→ **Instructions for the task**
Below are the records. Retype, exactly, the lines from the first through the line with "Пуф с ящиком", and leave out the pictures.

→ **Captioned web image data**
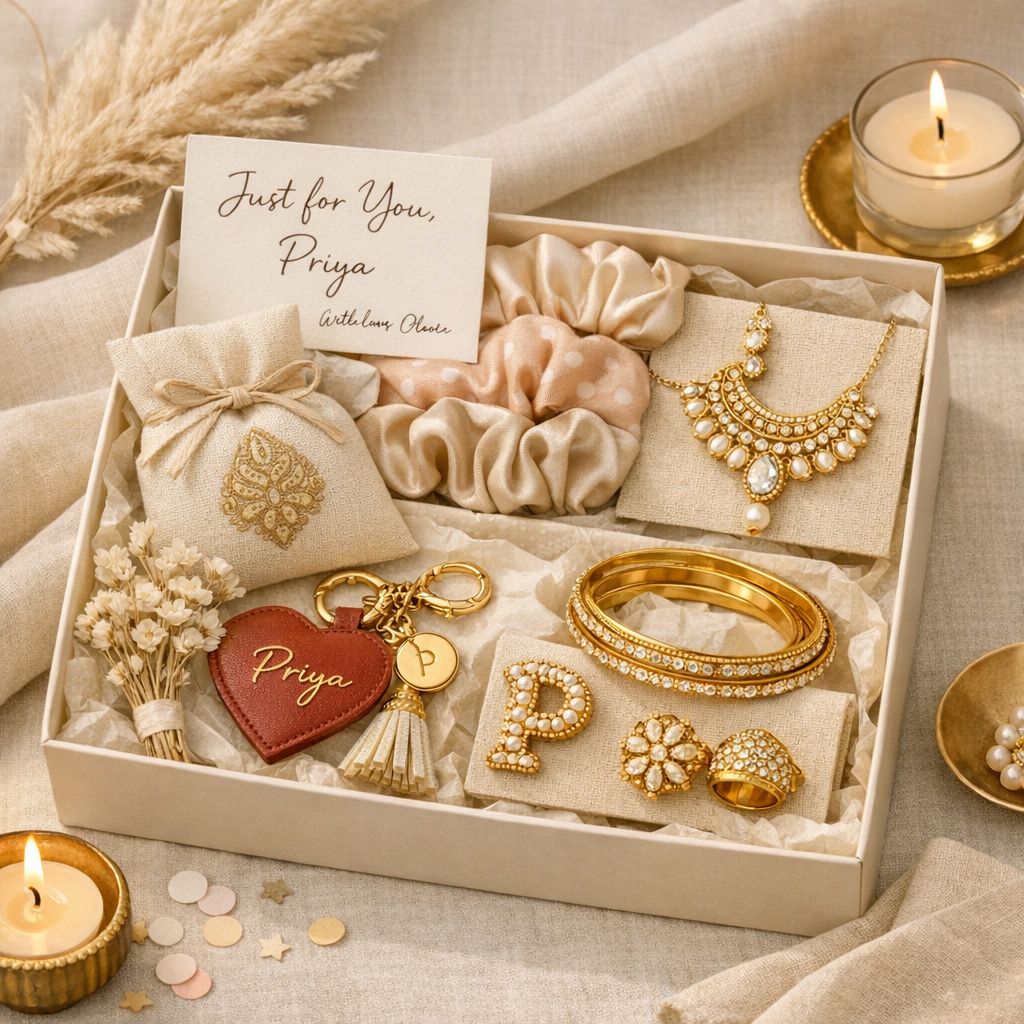 Personalized Jewelry & Accessories Gift Set: Customizable Name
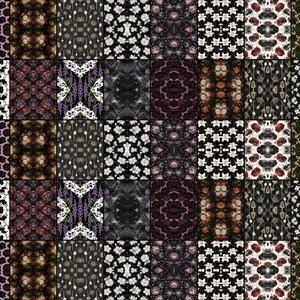 Moody Dark Floral Patterns digital paper bundle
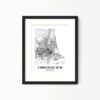 Eleville Unframed Christchurch New Zealand City View Abstract Modern Map Art Print Poster Wall Office Home Decor Line Art wgn941 - Image 5
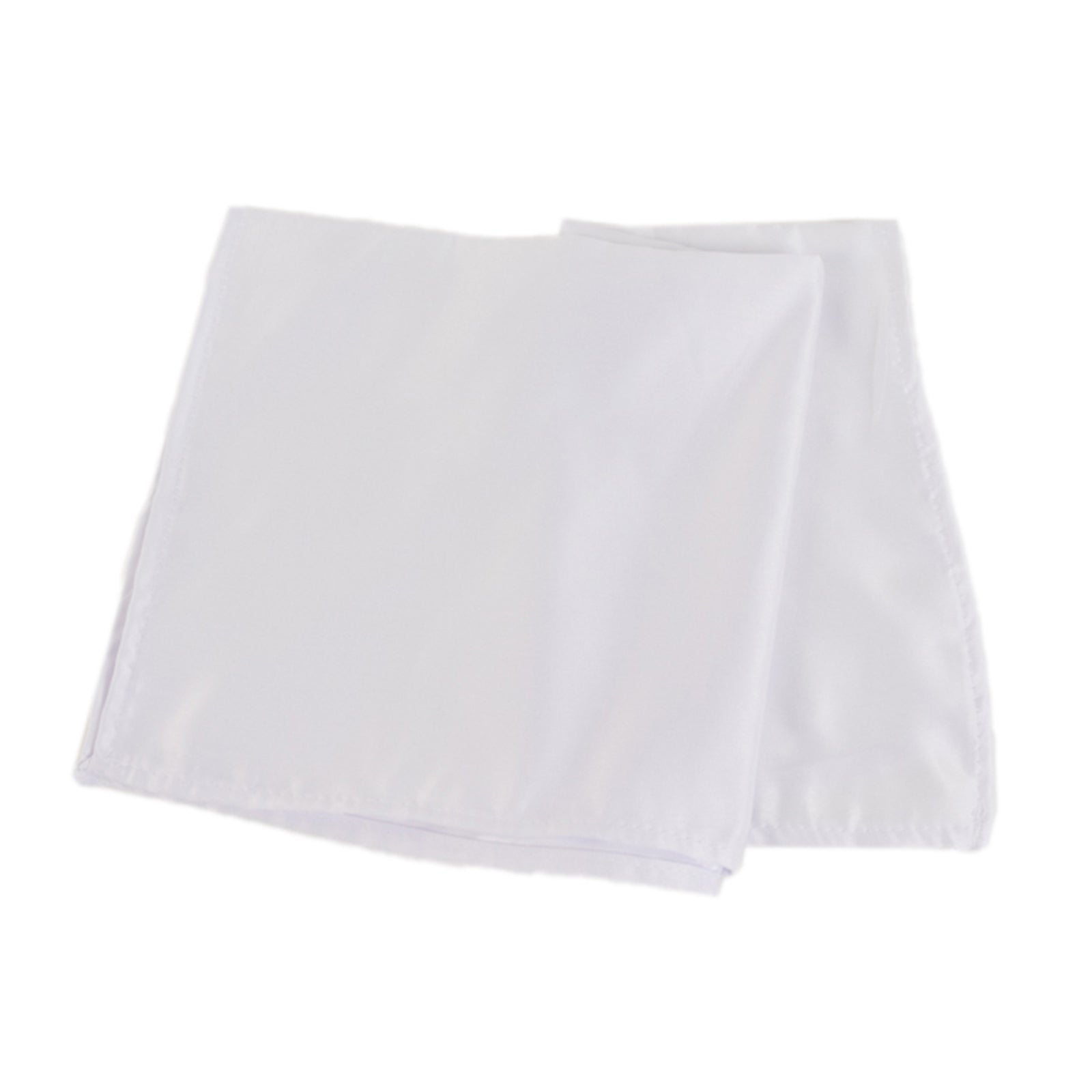 White satin napkins, 20"x20", pack of 5.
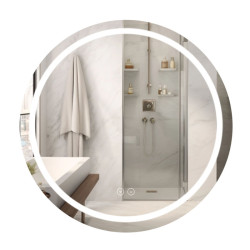 Дзеркало Qtap Mideya (MI6) R900 з LED-підсвічуванням Touch, з антизапот., Диммер, рег. яскравості QT2078NCR9090W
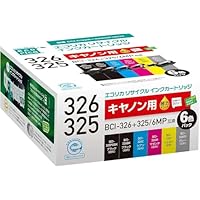 Amazon.co.jp: エコリカ キヤノン BCI-326+325/5MP対応リサイクル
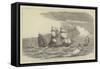 Our Navy, Old Style, Training Brigs of the Channel Squadron-William Edward Atkins-Framed Stretched Canvas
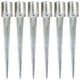 Pins de tierra Vidaxl 6 STS 12x91 cm de acero galvanizado de color plateado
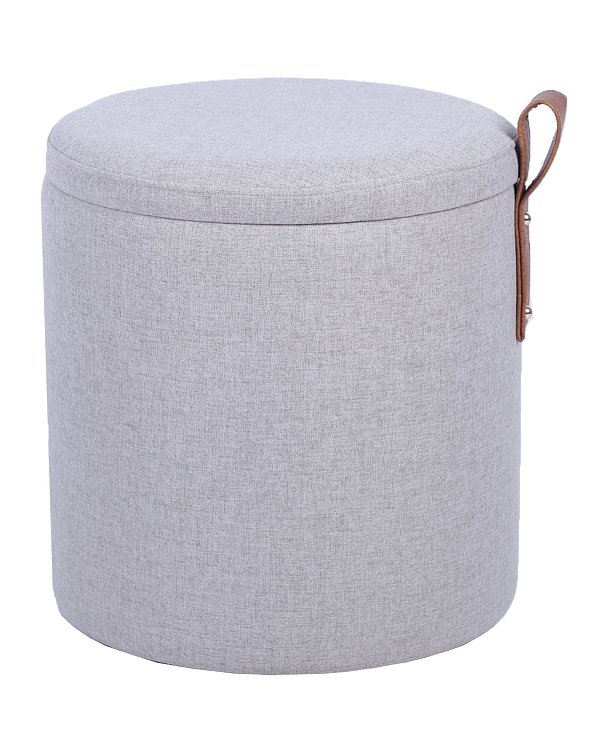 Пуф с ящиком Эркки рогожка XS серый Stool Group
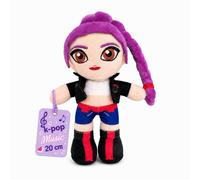Grupo Moya - Peluche K-Pop Music 20 cm, Muñeca de Tela Suave, Muñeco Decorativo de Poliéster, Regalo para Fans de la Música Coreana, Peluche Coleccionable. (Lila)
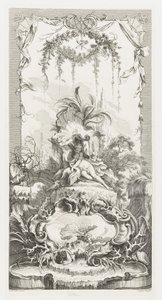 Léda in Nouveaux Morceaux pour des paravents (Neue Konzepte für Bildschirme) von François Boucher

→ **Task answer**
 Personalized Jewelry & Accessories Gift Set: Customizable Name
 Moody Dark Floral Patterns digital paper bundle
 Eleville Unframed Christchurch New Zealand City View Abstract Modern Map Art Print Poster Wall Office Home Decor Line Art wgn941 - Image 5
 White satin napkins, 20"x20", pack of 5.
 Дзеркало Qtap Mideya (MI6) R900 з LED-підсвічуванням Touch, з антизапот., Диммер, рег. яскравості QT2078NCR9090W
 Amazon.co.jp: エコリカ キヤノン BCI-326+325/5MP対応リサイクル
 Our Navy, Old Style, Training Brigs of the Channel Squadron-William Edward Atkins-Framed Stretched Canvas
 Pins de tierra Vidaxl 6 STS 12x91 cm de acero galvanizado de color plateado
 Пуф с ящиком Эркки рогожка XS серый Stool Group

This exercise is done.